-- Exercise --
Leave out any picture and return the remaining listing below exactly as given.

-- Data for processing --
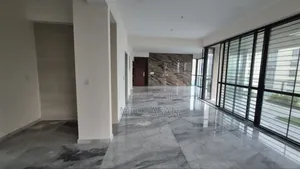 4bdrm Apartment in Un Furnished Flat for Rent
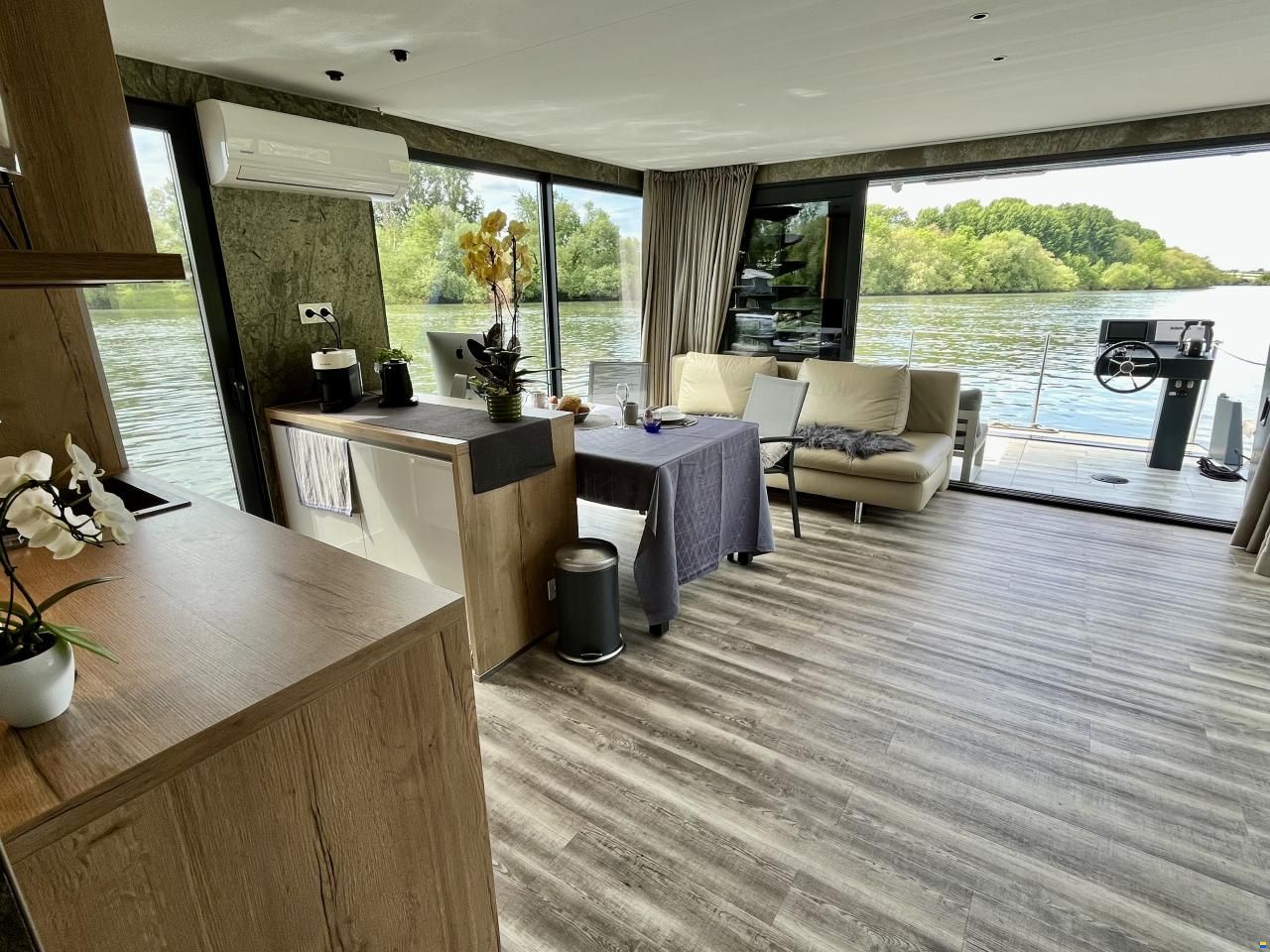 Waterbus River- Dream Deluxe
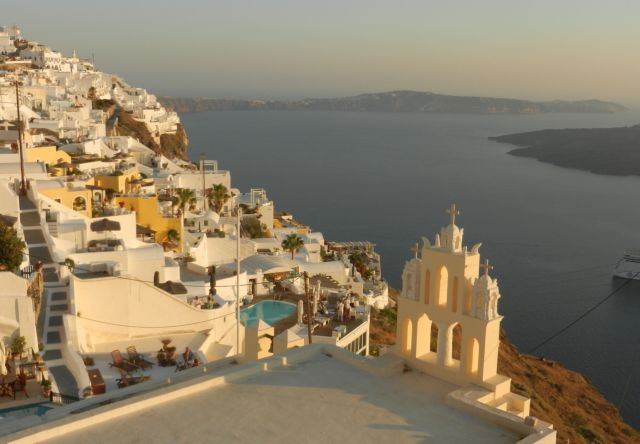 TUI Travel: Τεράστια ανάκαμψη στη ζήτηση για Ελλάδα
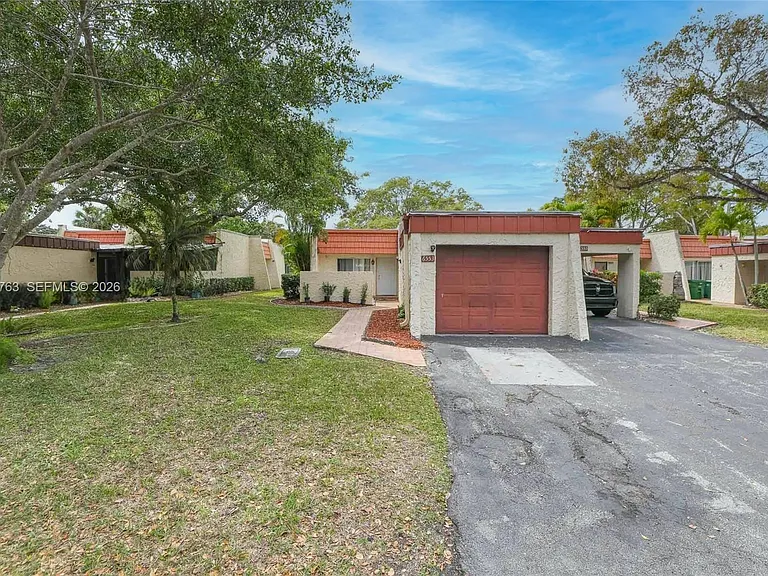 6553 NW 99th Ave #A20 — Photo 32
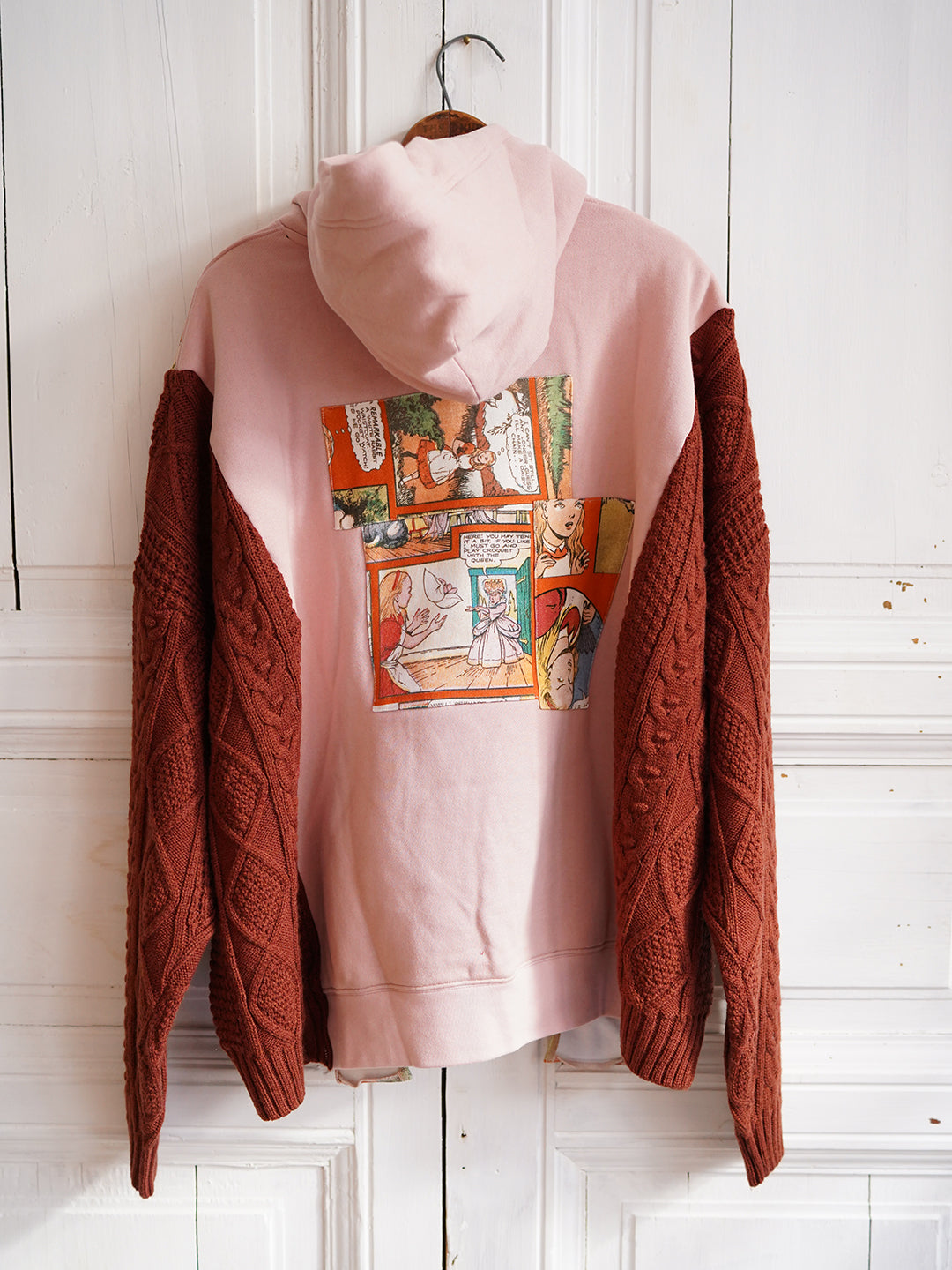 Unlogical Poem Alice in Wonderland Illustration Print Patchwork Knitted Pink Hoodie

-- Task output --
 4bdrm Apartment in Un Furnished Flat for Rent
 Waterbus River- Dream Deluxe
 TUI Travel: Τεράστια ανάκαμψη στη ζήτηση για Ελλάδα
 6553 NW 99th Ave #A20 — Photo 32
 Unlogical Poem Alice in Wonderland Illustration Print Patchwork Knitted Pink Hoodie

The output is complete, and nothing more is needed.